The construction will also include four single-family homes behind the hotel on 16th Street N., acting as a buffer between the new building and Lyon Village’s existing single-family homes. The houses standing now, which are occupied by renters, according to the county, will be torn down and replaced.
The motion required amending the property’s General Land Use Plan, a process that began in 2009 before Wilson Tavern had even opened. Despite the lengthy process, County Board Chair Jay Fisette hailed the way the proposal made its way through the county government.
“What’s nice about today is we had three speakers, very little outstanding to talk about,” he said during the meeting. “That’s because the commissions did a great job, the community and neighbors did a great job in reaching an attractive end point. I hear it’s called the Dream Hotel. It’s been a dream process here in the end.”
The eight-story building will also include a 1,300-square-foot restaurant space, separate from the bar and cafe that will be in the hotel lobby. There will be 80 dedicated parking spaces and the building is expected to be LEED Gold-certified, which qualified the developer, Schupp Companies, for bonus density.
Of the three speakers, two were representatives of the Lyon Village and Clarendon-Courthouse Civic Associations, who endorsed the project. The third was Jim Hurysz, who criticized the Board for what he said was an unacceptably low contribution to the Affordable Housing Investment Fund: $586,000. The developer has agreed to contribute about $1.5 million to the county to replace the Courthouse Metro Station elevator with two high-speed units, County Manager Barbara Donnellan said.
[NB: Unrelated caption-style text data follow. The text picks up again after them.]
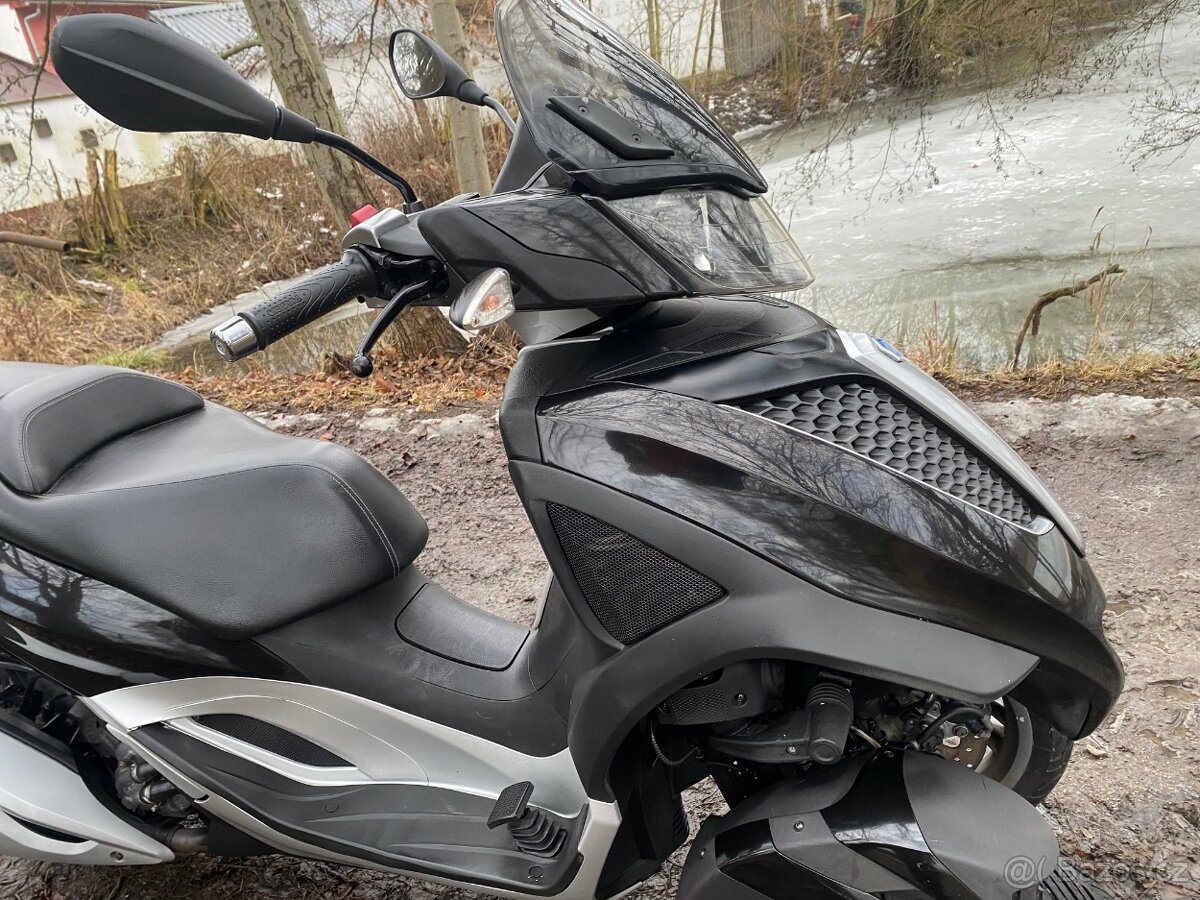 Piaggio Mp3 Yourban 300 LT - 17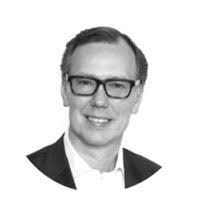 Richard Warnick's Instagram, Twitter & Facebook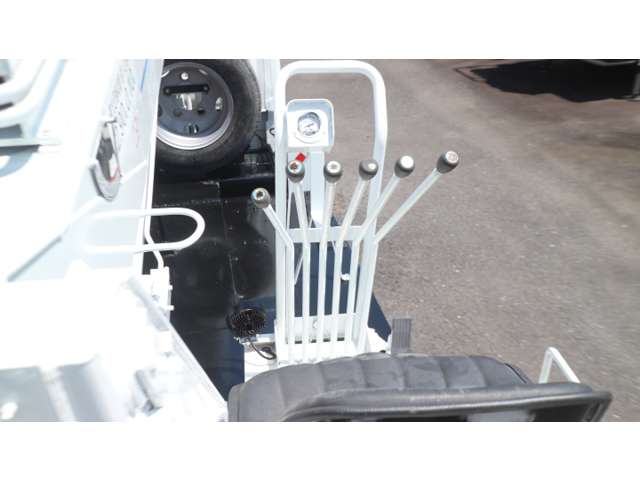 Mitsubishi Fuso Canter 8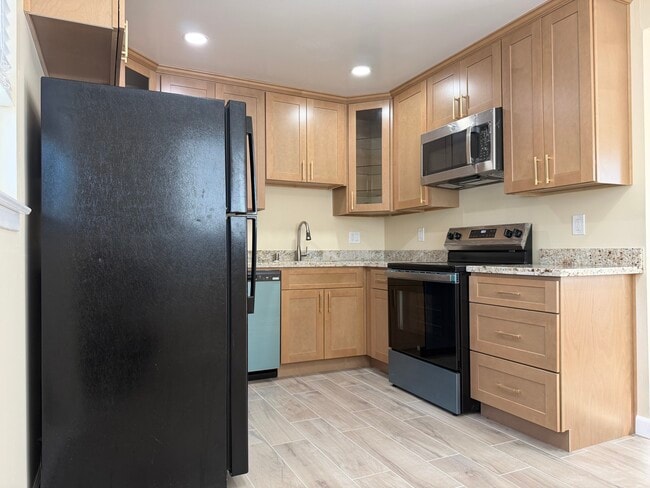 Building Photo - 545 Northlake Dr Unit 4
“While some of us would like a larger amount [for affordable housing], a lot of times there are other community benefits that must be taken into consideration,” Board member Walter Tejada said. “We also have an amount that’s going to affordable housing. Would I want it to be more? Absolutely, but in other days, it would have been none.”
The Metro elevator contribution, along with a previous contribution from the approved Clean Technology Center, will allow elevator construction to begin before 2020, Donnellan said, and funds at least 50 percent of the costs. It was originally planned for after 2020 in the 2013-2022 Capital Improvements Project.
Schupp Companies is also providing funds for constructing a bus shelter on Wilson Blvd and improving the streetscape in the area.